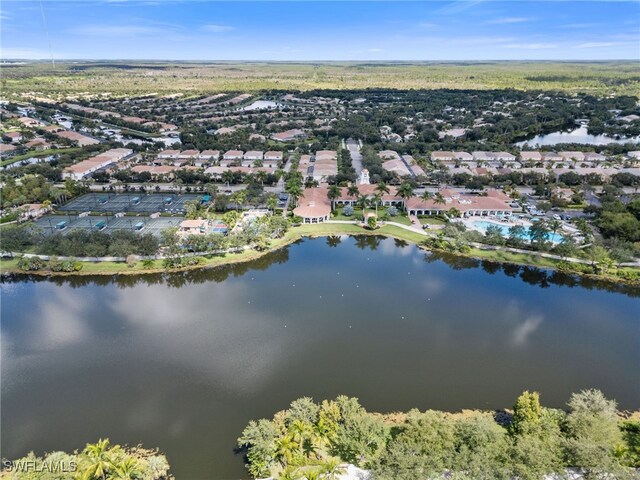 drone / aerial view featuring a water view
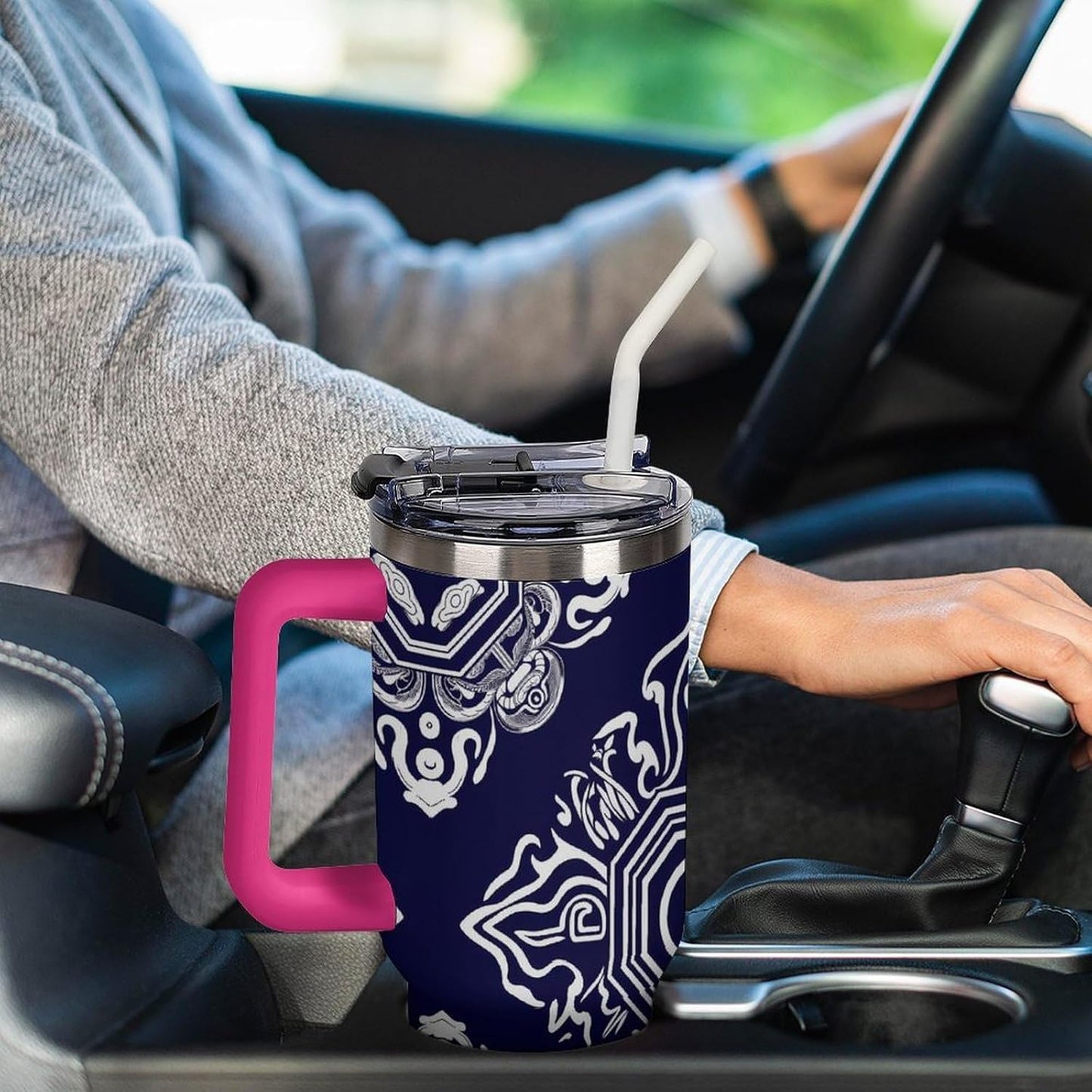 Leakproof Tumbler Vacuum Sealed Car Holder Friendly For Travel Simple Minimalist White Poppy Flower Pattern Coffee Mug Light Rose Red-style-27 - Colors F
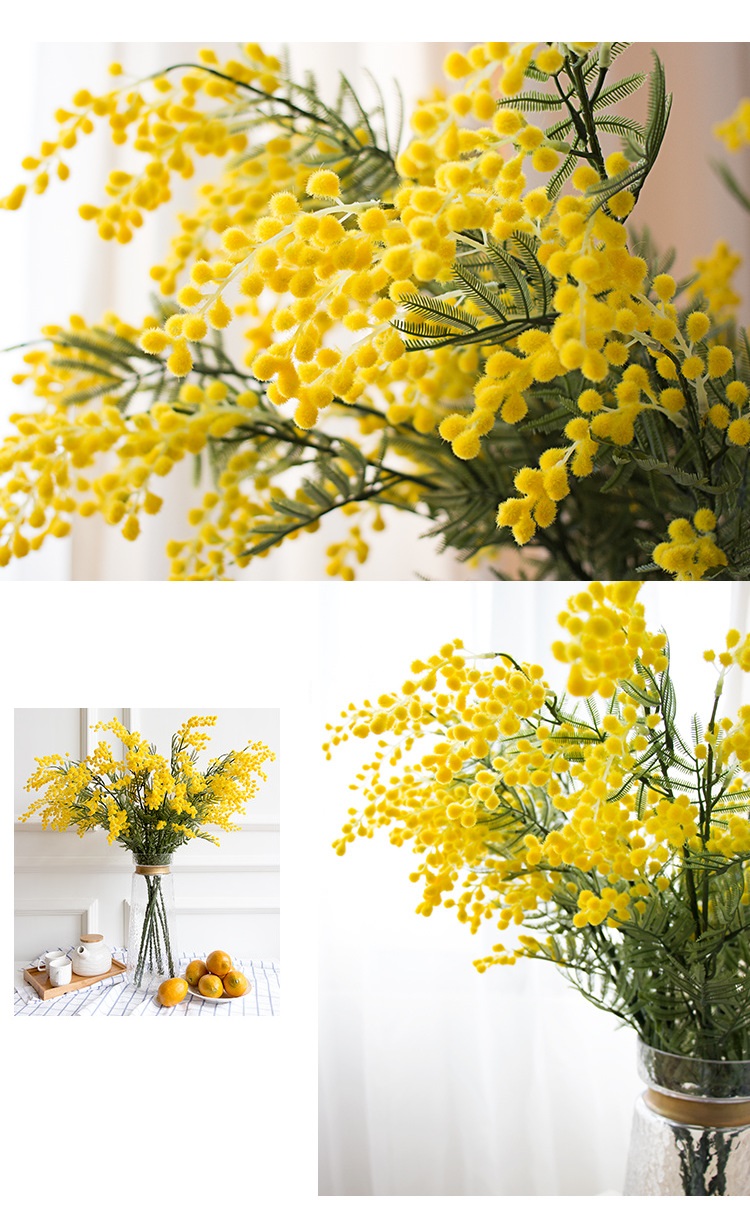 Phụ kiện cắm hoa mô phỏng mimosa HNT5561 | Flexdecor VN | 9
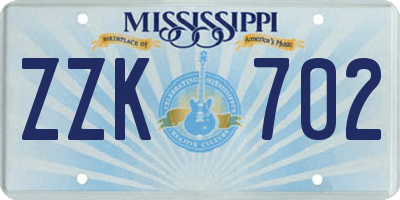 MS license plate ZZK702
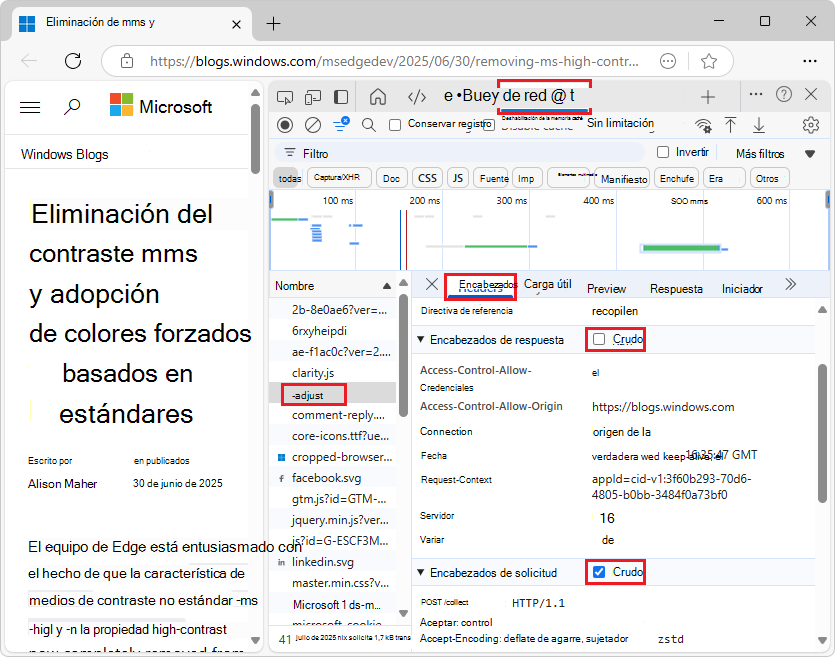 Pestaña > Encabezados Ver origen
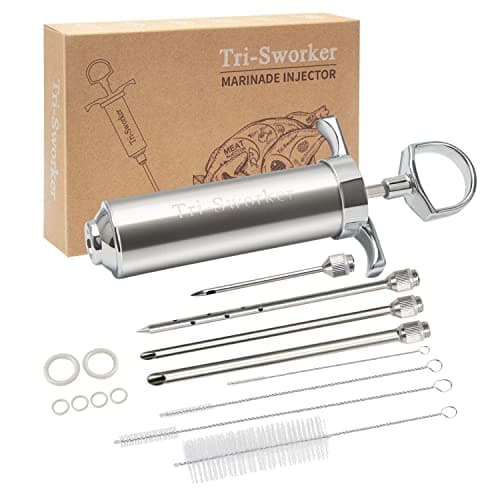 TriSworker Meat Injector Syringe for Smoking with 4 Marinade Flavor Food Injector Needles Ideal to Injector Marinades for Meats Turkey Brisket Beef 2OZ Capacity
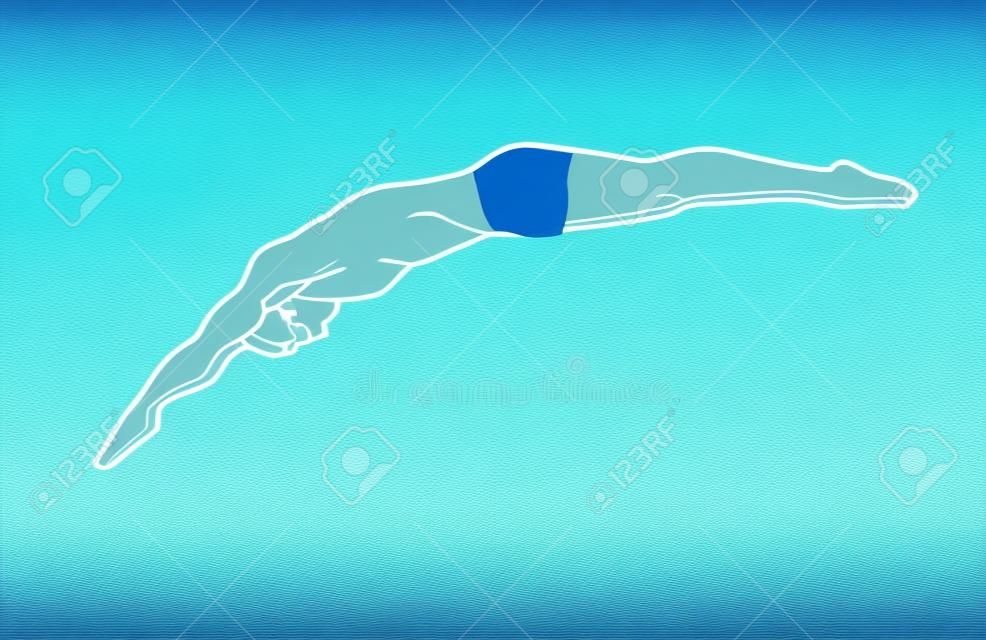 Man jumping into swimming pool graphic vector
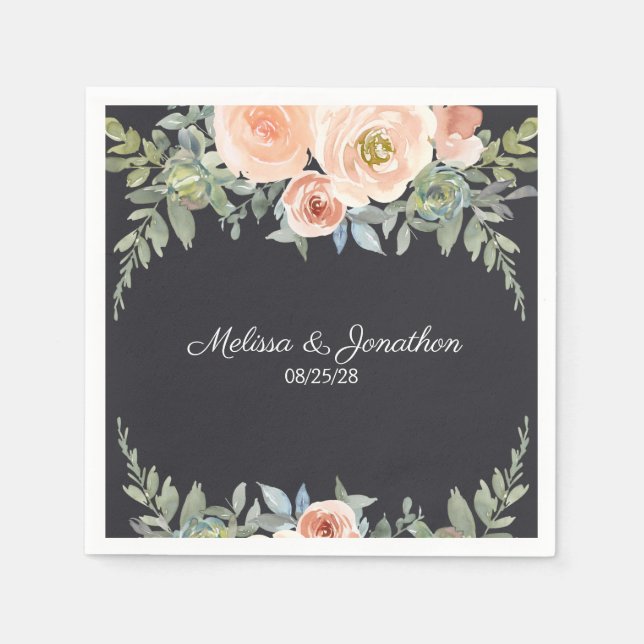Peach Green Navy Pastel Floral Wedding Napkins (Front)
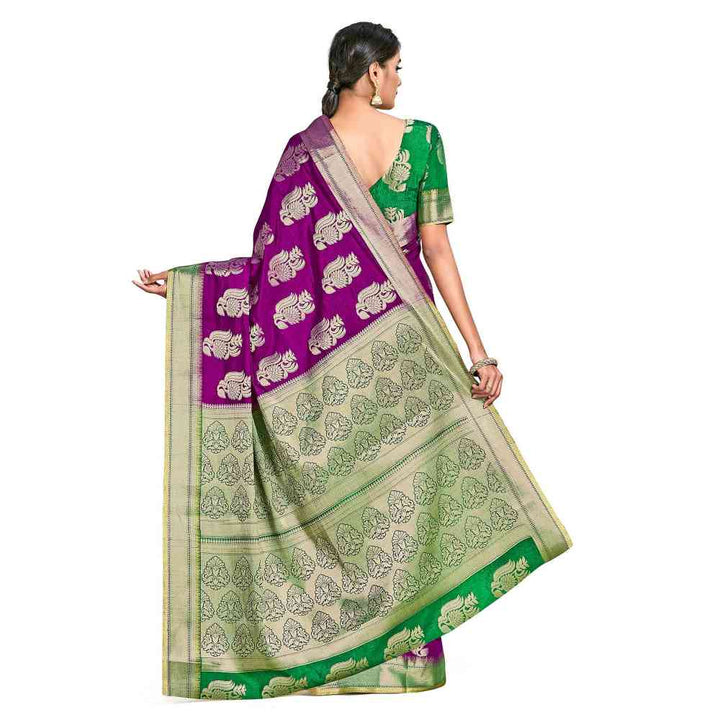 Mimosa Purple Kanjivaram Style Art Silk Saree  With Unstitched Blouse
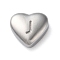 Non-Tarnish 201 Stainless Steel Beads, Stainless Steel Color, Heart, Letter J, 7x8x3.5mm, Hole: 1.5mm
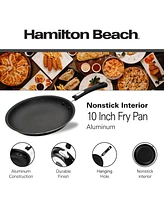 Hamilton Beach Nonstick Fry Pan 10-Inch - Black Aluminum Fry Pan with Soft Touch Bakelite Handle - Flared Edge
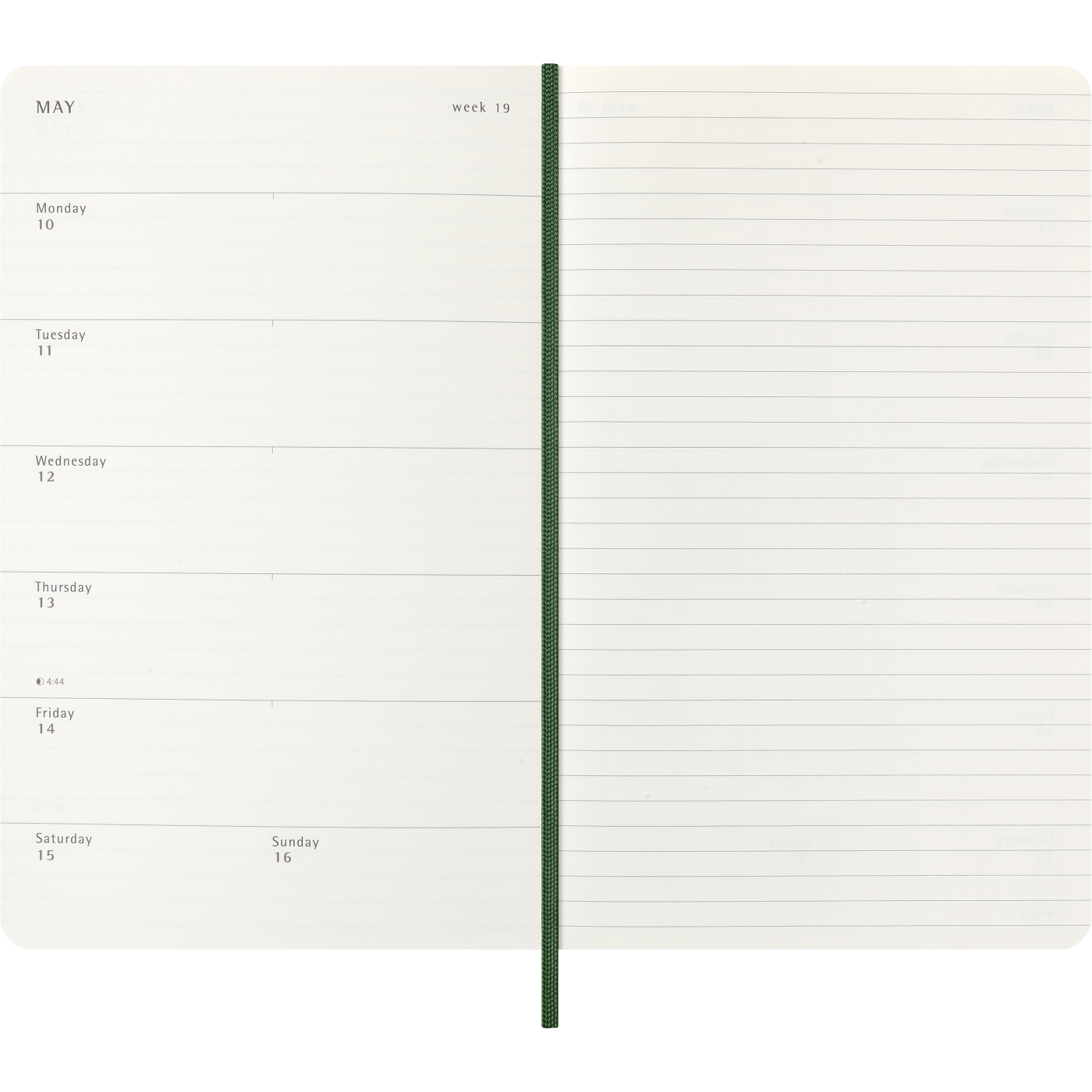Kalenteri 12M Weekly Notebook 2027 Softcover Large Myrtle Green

•••••

Leaving the pictures aside, write out only the lines from the one containing "MS license plate ZZK702" through the end of the material, exactly as they stand.

**Your response**
 MS license plate ZZK702
 Pestaña > Encabezados Ver origen
 TriSworker Meat Injector Syringe for Smoking with 4 Marinade Flavor Food Injector Needles Ideal to Injector Marinades for Meats Turkey Brisket Beef 2OZ Capacity
 Man jumping into swimming pool graphic vector
Peach Green Navy Pastel Floral Wedding Napkins (Front)
 Mimosa Purple Kanjivaram Style Art Silk Saree  With Unstitched Blouse
 Non-Tarnish 201 Stainless Steel Beads, Stainless Steel Color, Heart, Letter J, 7x8x3.5mm, Hole: 1.5mm
 Hamilton Beach Nonstick Fry Pan 10-Inch - Black Aluminum Fry Pan with Soft Touch Bakelite Handle - Flared Edge
Kalenteri 12M Weekly Notebook 2027 Softcover Large Myrtle Green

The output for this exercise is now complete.